Il lui était aussi reproché d’avoir participé à l’enfouissement de victimes dans des fosses communes “dans un ultime effort pour supprimer les preuves de génocide”. L’accusé a nié, affirmant avoir enterré les corps pour éviter une crise sanitaire. Mais pour les parties civiles, “en enfouissant les corps, il a permis au génocide de se poursuivre”.
L’arrestation 16 ans après les faits
Eugène Rwamucyo travaillait comme médecin dans un hôpital du nord de la France quand il a été arrêté en 2010, 16 ans après les faits. Ses collègues l’avaient signalé après qu’un mandat d’arrêt international ait été émis par le Rwanda à son encontre.

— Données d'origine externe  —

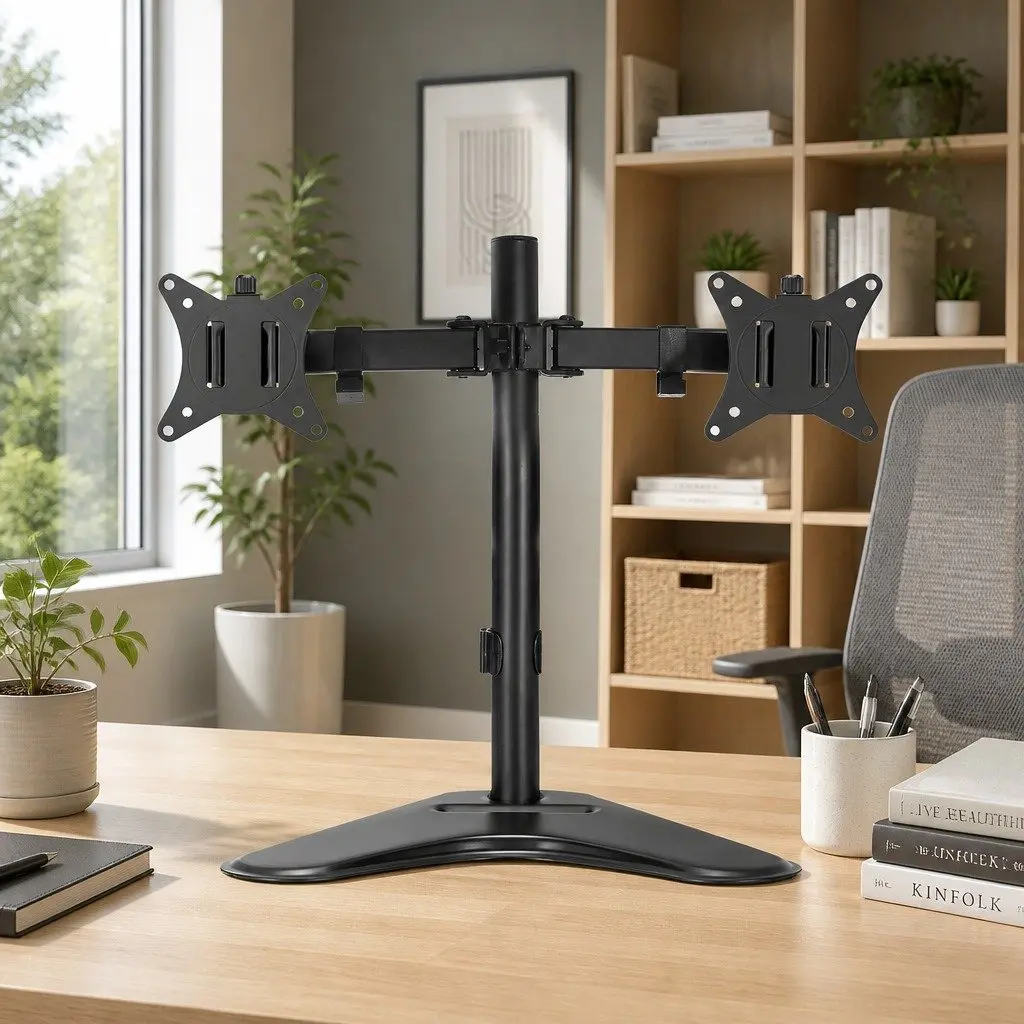 Dual Monitor Arm Stand Adjustable Desktop Mount Heavy Duty Steel Black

Il s’agit de la huitième condamnation d’un Rwandais en France en lien avec le génocide. Le 20 décembre dernier, un autre médecin, Sosthène Munyemana, a écopé de 24 ans de réclusion criminelle. Il a fait appel.

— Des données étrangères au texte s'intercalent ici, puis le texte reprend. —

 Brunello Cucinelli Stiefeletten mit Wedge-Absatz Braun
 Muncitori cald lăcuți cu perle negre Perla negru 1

Un devoir de mémoire toujours nécessaire
Plus d’un quart de siècle après l’extermination des Tutsi du Rwanda, qui a fait selon l’ONU plus de 800 000 morts en à peine trois mois, la traque des génocidaires se poursuit. Bien que tardives, ces condamnations ont valeur de symbole pour les rescapés et participent au devoir de mémoire.
Chaque procès ravive la douleur mais permet aussi d’établir la vérité judiciaire et historique. Car le génocide des Tutsi reste un traumatisme profond pour le Rwanda et l’humanité toute entière. Un crime imprescriptible qui ne doit jamais être oublié pour que plus jamais cela ne se reproduise.